FMod(12.5, 1) = 0.5 FMod(5.3, 2) = 1.3 FMod(18.5, 4.2) = 1.7

Using this in my rounding function solves my particular issue.

Upvotes: 13

Views: 18735

Answers (5)

rom m
rom m

Reputation: 101

Public Function Modi(d as double) as double
Modi = d - Int(d)
End Function

Dim myDoule as Double
myDoule = 1.99999

Debug.Print Modi(myDoule)

0.99999

Upvotes: 0

user14632325
user14632325

Reputation: 1

Try This in VBS:

Option Explicit

Call Main()

Sub Main()

    WScript.Echo CStr(Is_Rest_Of_Divide_Equal_To_Zero(506.25, 1.5625))

End Sub


Function Is_Rest_Of_Divide_Equal_To_Zero(Divident, Divisor)

    Dim Result
    Dim DivideResult

    If Divident > Divisor Then
        DivideResult = Round(Divident/Divisor, 0)
        If (DivideResult * Divisor) > Divident Then
            Result = False
        ElseIf (DivideResult * Divisor) = Divident Then
            Result = True
        ElseIf (DivideResult * Divisor) < Divident Then
            Result = False
        End If
    ElseIf Divident = Divisor Then
        Result = True
    ElseIf Divident < Divisor Then
        Result = False
    End If

    Is_Rest_Of_Divide_Equal_To_Zero = Result

End Function

Upvotes: 0

Russell Munro
Russell Munro

Reputation: 563

As a work around your can do some simple math on the values.

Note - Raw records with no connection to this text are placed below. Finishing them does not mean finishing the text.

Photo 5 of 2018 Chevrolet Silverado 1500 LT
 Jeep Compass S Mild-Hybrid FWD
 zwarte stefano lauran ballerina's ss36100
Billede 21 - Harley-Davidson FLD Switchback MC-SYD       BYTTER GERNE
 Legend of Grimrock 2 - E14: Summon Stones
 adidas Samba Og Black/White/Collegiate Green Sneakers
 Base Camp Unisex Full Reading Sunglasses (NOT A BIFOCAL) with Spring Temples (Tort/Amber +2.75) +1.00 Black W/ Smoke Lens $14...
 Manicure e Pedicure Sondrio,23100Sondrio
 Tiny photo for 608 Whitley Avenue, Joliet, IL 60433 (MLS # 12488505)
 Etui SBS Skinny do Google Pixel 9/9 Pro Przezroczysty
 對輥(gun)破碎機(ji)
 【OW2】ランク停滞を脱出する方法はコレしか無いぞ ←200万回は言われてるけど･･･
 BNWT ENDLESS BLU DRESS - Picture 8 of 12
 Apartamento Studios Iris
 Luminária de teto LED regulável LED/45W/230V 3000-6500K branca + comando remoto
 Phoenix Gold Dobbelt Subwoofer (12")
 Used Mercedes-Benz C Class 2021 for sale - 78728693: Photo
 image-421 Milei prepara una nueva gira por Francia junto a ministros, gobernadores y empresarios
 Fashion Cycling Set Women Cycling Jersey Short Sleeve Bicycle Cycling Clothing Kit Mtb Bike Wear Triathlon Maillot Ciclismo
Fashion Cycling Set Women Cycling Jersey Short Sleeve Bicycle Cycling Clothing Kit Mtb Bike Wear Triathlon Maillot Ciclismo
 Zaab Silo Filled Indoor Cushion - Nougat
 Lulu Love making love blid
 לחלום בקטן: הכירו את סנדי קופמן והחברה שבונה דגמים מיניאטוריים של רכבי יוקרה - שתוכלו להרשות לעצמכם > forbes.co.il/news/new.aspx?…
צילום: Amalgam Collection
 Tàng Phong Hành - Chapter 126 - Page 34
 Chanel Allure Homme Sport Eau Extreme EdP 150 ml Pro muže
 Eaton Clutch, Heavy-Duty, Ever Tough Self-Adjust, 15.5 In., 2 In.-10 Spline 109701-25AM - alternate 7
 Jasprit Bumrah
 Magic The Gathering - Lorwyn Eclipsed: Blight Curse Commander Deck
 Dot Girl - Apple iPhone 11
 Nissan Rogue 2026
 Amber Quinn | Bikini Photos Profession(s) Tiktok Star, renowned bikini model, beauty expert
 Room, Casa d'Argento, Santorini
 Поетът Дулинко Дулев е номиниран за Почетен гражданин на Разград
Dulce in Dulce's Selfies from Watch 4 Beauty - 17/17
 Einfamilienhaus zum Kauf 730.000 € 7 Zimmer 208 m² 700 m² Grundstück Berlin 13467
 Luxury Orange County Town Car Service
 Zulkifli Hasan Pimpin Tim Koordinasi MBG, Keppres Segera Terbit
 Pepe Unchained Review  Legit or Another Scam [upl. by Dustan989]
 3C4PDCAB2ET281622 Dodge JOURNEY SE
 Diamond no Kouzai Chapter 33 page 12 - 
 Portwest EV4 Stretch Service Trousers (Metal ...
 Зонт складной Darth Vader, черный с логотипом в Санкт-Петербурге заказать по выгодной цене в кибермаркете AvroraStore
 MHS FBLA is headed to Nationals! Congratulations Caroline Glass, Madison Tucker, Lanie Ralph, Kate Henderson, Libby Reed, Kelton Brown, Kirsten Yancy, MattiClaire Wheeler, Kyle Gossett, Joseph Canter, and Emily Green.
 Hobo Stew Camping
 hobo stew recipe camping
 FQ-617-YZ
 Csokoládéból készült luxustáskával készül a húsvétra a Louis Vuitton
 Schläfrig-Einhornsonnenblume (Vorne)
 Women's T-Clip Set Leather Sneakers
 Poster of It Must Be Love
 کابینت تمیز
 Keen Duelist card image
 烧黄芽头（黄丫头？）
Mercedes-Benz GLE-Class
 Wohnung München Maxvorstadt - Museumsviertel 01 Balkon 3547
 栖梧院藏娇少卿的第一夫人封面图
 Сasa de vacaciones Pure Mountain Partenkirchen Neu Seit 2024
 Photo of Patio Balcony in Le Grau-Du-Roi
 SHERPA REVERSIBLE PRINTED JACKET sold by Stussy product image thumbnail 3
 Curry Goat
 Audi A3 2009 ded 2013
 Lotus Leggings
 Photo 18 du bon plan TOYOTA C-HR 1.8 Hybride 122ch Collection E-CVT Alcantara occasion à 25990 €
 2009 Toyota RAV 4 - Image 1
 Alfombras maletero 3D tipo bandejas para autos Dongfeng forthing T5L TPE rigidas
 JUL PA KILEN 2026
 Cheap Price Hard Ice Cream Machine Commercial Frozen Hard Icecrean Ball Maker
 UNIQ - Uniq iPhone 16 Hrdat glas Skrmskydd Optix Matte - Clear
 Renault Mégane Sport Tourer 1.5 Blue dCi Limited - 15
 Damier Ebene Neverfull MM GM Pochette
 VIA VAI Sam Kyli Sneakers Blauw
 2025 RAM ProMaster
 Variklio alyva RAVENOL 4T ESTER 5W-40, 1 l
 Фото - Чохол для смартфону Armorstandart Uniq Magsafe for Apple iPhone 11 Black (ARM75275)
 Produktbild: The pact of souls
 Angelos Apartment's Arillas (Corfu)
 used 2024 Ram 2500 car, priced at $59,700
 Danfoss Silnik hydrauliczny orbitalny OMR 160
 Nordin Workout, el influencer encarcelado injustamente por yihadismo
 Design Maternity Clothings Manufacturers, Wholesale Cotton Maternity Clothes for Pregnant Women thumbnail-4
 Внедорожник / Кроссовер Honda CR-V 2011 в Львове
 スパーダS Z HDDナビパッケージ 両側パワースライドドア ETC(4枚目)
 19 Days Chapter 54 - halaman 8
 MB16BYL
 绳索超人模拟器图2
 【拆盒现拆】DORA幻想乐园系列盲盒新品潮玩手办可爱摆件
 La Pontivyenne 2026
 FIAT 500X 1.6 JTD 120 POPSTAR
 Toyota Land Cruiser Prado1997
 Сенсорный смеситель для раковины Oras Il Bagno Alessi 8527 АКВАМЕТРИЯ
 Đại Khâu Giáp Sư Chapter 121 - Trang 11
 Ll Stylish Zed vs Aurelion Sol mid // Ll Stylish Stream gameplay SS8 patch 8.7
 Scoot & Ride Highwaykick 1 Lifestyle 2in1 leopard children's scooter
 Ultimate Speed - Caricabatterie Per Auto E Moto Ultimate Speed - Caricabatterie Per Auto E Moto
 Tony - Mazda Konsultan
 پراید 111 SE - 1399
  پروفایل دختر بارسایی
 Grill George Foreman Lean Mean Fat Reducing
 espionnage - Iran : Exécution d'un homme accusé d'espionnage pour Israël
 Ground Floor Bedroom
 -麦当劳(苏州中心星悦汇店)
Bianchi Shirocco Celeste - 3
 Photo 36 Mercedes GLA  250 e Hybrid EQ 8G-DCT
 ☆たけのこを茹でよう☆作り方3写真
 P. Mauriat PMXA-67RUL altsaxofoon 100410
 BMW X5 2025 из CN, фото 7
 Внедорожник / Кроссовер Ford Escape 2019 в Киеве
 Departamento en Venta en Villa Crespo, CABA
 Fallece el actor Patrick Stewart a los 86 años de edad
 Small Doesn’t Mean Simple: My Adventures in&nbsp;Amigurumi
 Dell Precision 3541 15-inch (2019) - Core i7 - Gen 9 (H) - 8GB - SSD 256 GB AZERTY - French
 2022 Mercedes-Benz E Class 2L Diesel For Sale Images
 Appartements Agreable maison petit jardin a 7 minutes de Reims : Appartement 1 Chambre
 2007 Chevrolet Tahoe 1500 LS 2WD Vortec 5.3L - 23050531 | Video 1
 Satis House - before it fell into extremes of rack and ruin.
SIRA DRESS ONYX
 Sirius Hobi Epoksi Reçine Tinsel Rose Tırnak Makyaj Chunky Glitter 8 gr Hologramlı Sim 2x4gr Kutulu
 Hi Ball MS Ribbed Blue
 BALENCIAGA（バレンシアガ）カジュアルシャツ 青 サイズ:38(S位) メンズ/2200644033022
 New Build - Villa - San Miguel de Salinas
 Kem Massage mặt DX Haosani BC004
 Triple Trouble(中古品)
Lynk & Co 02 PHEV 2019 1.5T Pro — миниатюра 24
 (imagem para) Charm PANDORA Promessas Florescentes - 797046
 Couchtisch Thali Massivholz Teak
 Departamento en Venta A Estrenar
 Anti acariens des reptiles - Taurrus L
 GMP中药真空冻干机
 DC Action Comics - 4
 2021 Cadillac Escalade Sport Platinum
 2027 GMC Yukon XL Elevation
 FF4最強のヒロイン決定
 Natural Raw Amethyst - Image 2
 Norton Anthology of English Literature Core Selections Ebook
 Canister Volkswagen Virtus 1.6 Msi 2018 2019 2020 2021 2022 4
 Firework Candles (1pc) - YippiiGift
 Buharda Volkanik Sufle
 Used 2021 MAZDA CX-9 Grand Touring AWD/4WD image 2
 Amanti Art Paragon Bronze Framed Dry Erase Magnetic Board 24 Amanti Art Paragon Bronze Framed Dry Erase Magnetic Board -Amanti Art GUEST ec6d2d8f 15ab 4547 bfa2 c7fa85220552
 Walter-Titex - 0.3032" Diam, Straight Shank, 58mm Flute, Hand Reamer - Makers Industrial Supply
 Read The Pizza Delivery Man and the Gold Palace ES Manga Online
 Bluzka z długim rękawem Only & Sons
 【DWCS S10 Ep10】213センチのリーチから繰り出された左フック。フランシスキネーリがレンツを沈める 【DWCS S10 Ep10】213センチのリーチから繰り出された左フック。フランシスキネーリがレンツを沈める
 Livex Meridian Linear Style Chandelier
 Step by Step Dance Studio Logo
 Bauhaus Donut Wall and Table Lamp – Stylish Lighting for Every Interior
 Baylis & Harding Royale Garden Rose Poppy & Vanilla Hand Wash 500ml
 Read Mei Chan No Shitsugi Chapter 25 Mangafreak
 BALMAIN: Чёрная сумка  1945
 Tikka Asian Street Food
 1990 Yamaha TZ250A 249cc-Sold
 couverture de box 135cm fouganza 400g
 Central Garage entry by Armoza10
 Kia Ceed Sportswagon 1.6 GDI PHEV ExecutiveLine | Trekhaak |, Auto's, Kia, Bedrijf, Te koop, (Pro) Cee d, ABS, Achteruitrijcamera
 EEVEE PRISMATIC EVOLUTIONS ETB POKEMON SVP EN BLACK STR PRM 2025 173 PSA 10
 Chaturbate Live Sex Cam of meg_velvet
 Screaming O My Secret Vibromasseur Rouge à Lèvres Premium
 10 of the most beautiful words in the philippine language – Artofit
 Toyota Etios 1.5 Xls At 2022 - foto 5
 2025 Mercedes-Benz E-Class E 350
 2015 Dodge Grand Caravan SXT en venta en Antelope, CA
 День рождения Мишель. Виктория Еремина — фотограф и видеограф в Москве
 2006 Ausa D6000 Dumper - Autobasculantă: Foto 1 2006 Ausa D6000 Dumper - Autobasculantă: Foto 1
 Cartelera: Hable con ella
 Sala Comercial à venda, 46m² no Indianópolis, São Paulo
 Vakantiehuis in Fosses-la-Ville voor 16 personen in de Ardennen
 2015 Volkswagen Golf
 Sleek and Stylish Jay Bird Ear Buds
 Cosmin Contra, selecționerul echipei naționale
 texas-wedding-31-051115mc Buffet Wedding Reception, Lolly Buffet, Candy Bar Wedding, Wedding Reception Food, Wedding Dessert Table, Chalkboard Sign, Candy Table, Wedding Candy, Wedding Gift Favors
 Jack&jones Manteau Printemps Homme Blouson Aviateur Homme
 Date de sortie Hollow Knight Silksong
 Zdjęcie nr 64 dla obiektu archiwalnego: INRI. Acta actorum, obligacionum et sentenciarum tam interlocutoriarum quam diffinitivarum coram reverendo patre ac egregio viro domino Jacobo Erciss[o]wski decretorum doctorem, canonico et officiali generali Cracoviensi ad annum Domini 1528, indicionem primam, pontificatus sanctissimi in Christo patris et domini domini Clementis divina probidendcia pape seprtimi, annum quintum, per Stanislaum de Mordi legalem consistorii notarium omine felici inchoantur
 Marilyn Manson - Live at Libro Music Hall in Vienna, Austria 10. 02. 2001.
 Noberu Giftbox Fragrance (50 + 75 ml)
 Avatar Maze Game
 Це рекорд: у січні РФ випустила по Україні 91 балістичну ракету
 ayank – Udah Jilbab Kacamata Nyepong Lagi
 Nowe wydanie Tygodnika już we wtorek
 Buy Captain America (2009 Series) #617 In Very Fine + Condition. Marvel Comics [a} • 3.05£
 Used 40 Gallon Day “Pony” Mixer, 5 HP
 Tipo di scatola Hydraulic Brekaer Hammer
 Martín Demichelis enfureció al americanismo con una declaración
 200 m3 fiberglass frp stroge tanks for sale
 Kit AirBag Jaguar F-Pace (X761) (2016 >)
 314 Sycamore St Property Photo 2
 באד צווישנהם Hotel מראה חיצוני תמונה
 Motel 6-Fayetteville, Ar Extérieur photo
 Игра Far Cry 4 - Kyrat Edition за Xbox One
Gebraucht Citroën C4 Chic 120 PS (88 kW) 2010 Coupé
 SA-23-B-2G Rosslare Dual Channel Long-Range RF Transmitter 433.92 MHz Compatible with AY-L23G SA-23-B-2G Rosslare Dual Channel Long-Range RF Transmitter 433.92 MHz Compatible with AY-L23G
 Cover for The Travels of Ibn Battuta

To get two decimal of precision just multiply the input values by 100 and then divide the result by 100.

result = (123.45*100 Mod 1*100)/100
result = (12345 Mod 100)/100
result = 0.45

I'm late to the party, but just incase this answer is still helpful to someone.

Upvotes: 2

RubberDuck
RubberDuck

Reputation: 12728

According to the VB6/VBA documentation

The modulus, or remainder, operator divides number1 by number2 (rounding floating-point numbers to integers) and returns only the remainder as result. For example, in the following expression, A (result) equals 5. A = 19 Mod 6.7 Usually, the data type of result is a Byte, Byte variant, Integer, Integer variant, Long, or Variant containing a Long, regardless of whether or not result is a whole number. Any fractional portion is truncated. However, if any expression is Null, result is Null. Any expression that is Empty is treated as 0.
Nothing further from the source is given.